Foreign Contributions Risk Unites Liberals, Conservatives
By Justin Miller | Jun 24, 2016
Campaign-finance deregulation has elevated the risk that foreign money will make its way into American elections, and this danger is emerging as a rare point of bipartisan agreement between liberals and conservatives.
The threat of foreign campaign contributions and how to stop it was the topic of a bipartisan forum at the Federal Election Commission to address how to ensure that foreign donors do not use corporations, “dark” money nonprofits, and shadowy limited liability corporations (LLCs) to funnel foreign money into American elections. The panel was convened by Democratic FEC commissioner Ellen Weintraub, and featured lawyers, campaign-finance experts, and watchdogs from both sides of the aisle.
Foreign money has long been banned in American elections on the grounds that this protects the country from political subversion of the national interest. But the growing deregulation of campaign-finance laws, combined with dwindling enforcement, has diminished accountability, watchdogs warn. Reform advocates voiced concern Thursday that this has made it all too easy for foreign money to find its way in.
The specter of that growing foreign influence is emerging as an area of common ground among liberals and conservatives, who are usually sharply divided on the issue of campaign financing. Panelists on both sides of the aisle at Thursday’s event brought up a slew of concerns, starting with the growing role of outside money in elections.
Outside money accounts for about 20 percent of all political money so far in the 2016 election, said Sheila Krumholz, executive director of the Center for Responsive Politics. And undisclosed, “dark” political spending could reach as much as $600 million this election cycle, she predicted. Moreover, weak disclosure laws have made it increasingly difficult to uncover the existence of foreign money in elections, Krumholz said.
But the risk that such money will run through corporate coffers is high, panelists said. For one, as companies have become increasingly globalized, they may no longer have singular domestic interests—something the Supreme Court did not address when it ruled in Citizens United that corporations are essentially people.
“Corporations are different than they used to be,” Norm Ornstein, a political scholar at the American Enterprise Institute, said at the forum. “Now we have corporate inversions; we have a vast expansion of foreign countries and entities buying U.S. companies and starting U.S. subsidiaries.”
While an individual American may have many different interests, Ornstein said, it’s broadly assumed that such a citizen will be loyal to the national interest. The same is not true for many corporations, he argued. “We’re going to have very serious scandals and questions over what is or isn’t in the national interest,” Ornstein said.
It’s no secret that companies see political contributions to U.S. elections as an investment—and foreign entities are no different. “People everywhere know that political investment is a tremendous investment,” said John Pudner, executive director of the conservative campaign-finance reform group Take Back Our Republic and a former political consultant.
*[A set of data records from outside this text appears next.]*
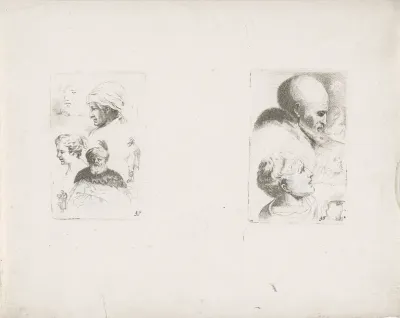 Studies van hoofden en twee staande figuren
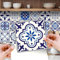 WALPLUS 120 Stück 15x15cm Spanisch & Marokkanisch Blau Weiß Wandfliesen Aufkleber Schälen und Kleben Backsplash Abziehbilder Startseite Dekore Aufkantung für Küche Badezimmer Kacheln Farbe auf Wand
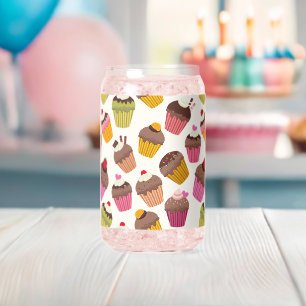 Verre Canette Motif Cupcake, Motif Muffin, Chocolat, Cœurs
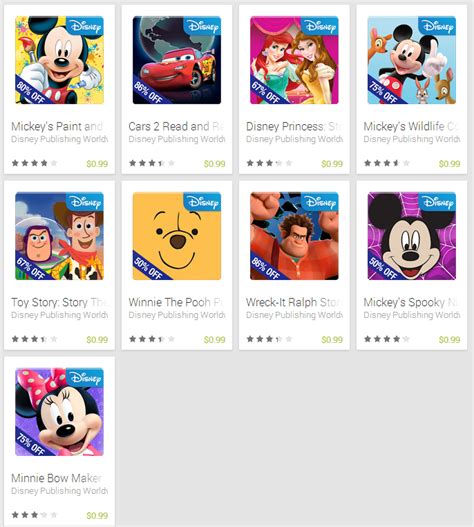 disney apps  sale    google play theitbaby
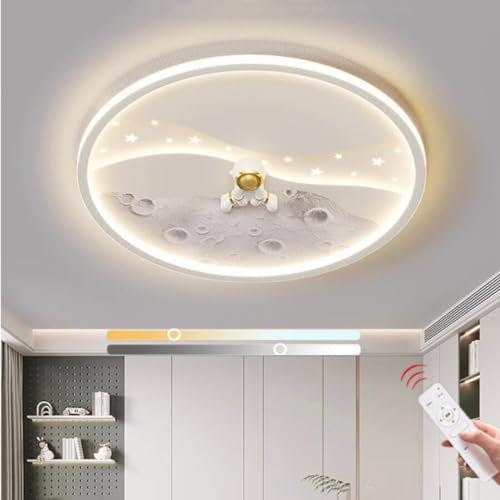 LED Deckenleuchte Kinderlampe 38W dimmbare Kinderzimmer Deckenlampen Astronaut Sternenhimmel Licht Kronleuchter 50cm Deckenleuchten für Kinder Jungen Mädchen Schlafzimmer Beleuchtung Lampen white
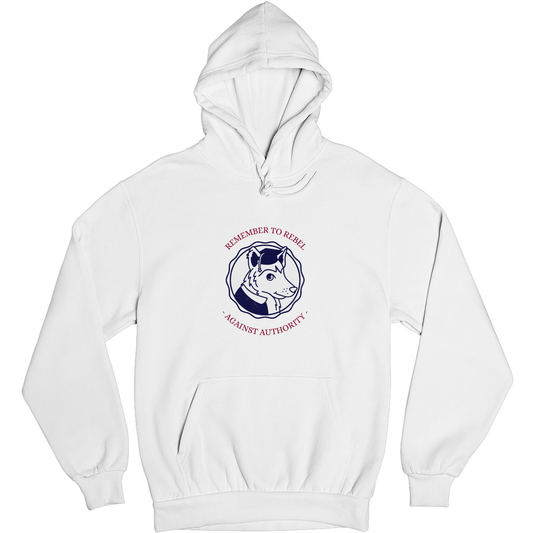 Remember to Rebel Unisex Hoodie | White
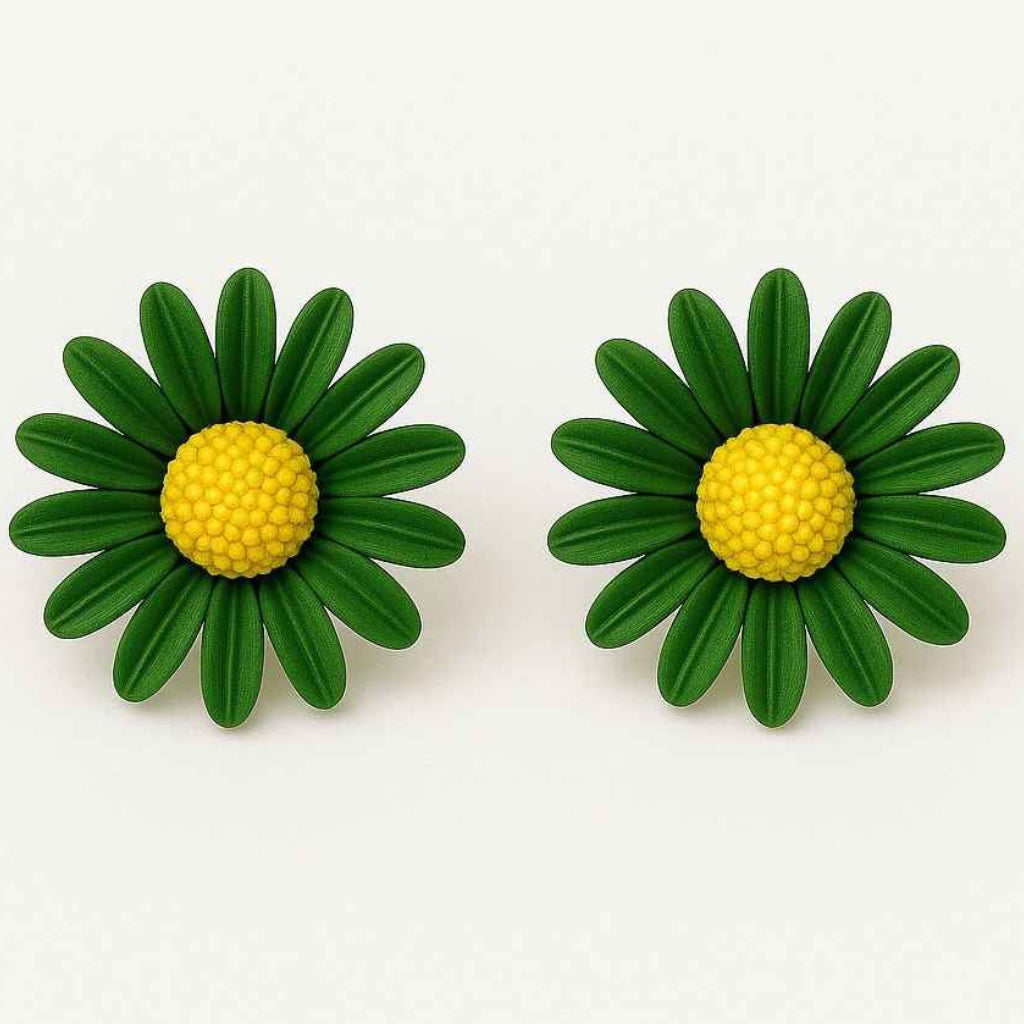 Yugavi KavyaYugavi Kavya forest green daisy flower stud earrings displayed as a pair on white background — ribbed double-layer dark green petals fanning outward around a raised dome of textured yellow pollen spheres, matte finish, push-back stud closure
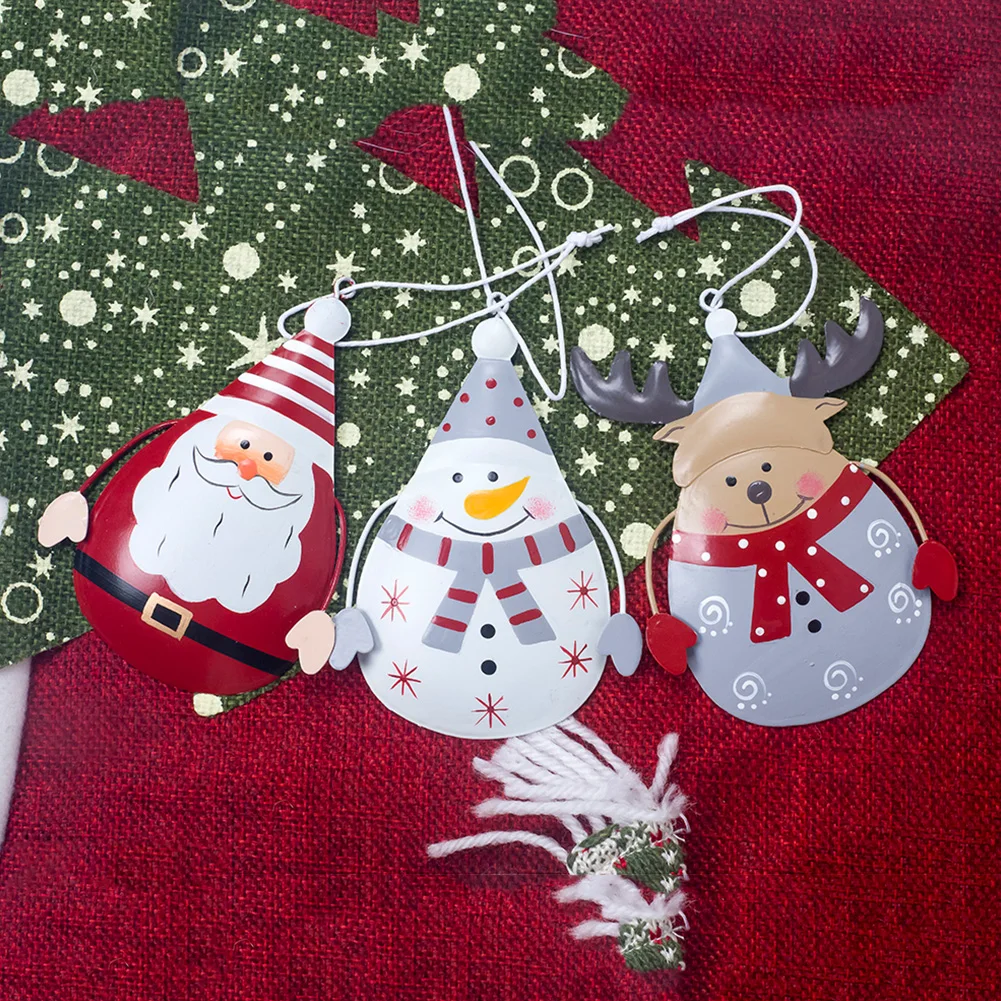 Подарок фестиваль падение рождественская подвеска дерево декоративный офис маленький с веревками Санта Клаус стены прочный металлический подвесной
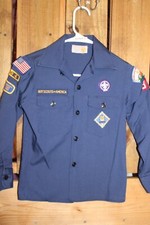 Boy Scouts of America Uniform Youth Shirt 10 Long Sleeve Blue Cub SEWN patches
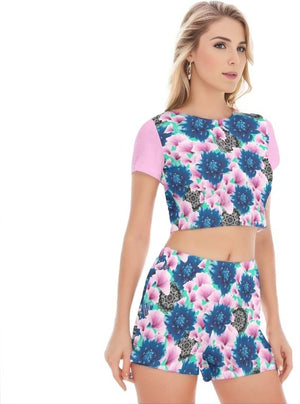 - Floral Realm Womens Short Sleeve Cropped Top Shorts Set - womens short set at TFC&H Co.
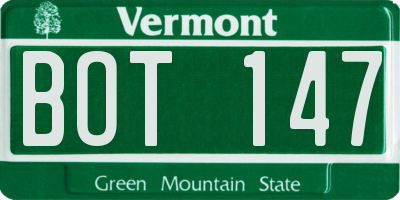 VT license plate BOT147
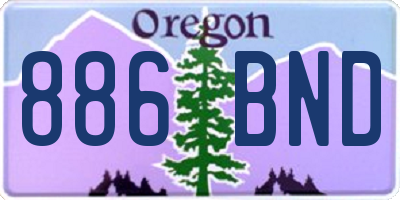 OR license plate 886BND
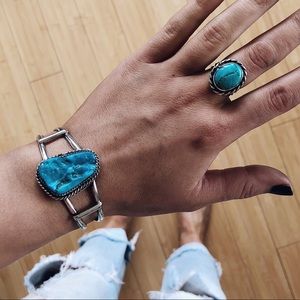 Raw turquoise cuff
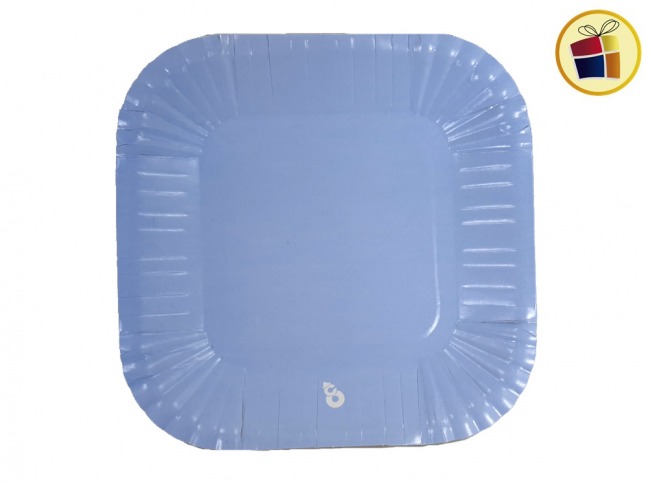 PLATO X8 UND CUADRADO CHICO PASTEL CELESTE (02165) OTERO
The fact that foreign donations are illegal can have little impact in the highly lucrative political consulting industry, Pudner said. “There’s the temptation here, and there are the people willing to carry it out,” he said. The temptation of big commissions from large ad buys might make unscrupulous political consultants willing to turn a blind eye, said Pudner.
So how can foreign money be kept out?
Weintraub has proposed an FEC rulemaking that would require corporations making political contributions to verify that they are not using foreign money. The FCC already has a similar requirement in place for companies that want to obtain a federal broadcast license.
“Regardless of whether the perpetually deadlocked FEC takes action, lawyers may wish to think twice before signing off on corporate political giving or spending that they cannot guarantee comes entirely from legal sources,” Weintraub wrote in The New York Times back in March.
Pudner has also successfully lobbied more than 40 House conservatives to back a bill that would require federal candidates’ online contribution forms to disclose a three-digit credit card security code as well as a valid U.S. billing address, which he argues would close an easy loophole that allows foreign nationals to contribute to campaigns.
Panelists also cited robust disclosure of all political expenditures as a critical measure to ensure that foreign money stays out of American elections. However, disclosure legislation has in recent years fallen prey to partisan gridlock in Congress, amid Republican concern that disclosure mandates will lead to political targeting.
Meanwhile, it remains to be seen whether substantive action on foreign money can transcend partisan gridlock at the FEC.
“You don't lose money betting against action” at the FEC, Weintraub told Bloomberg BNA in an interview.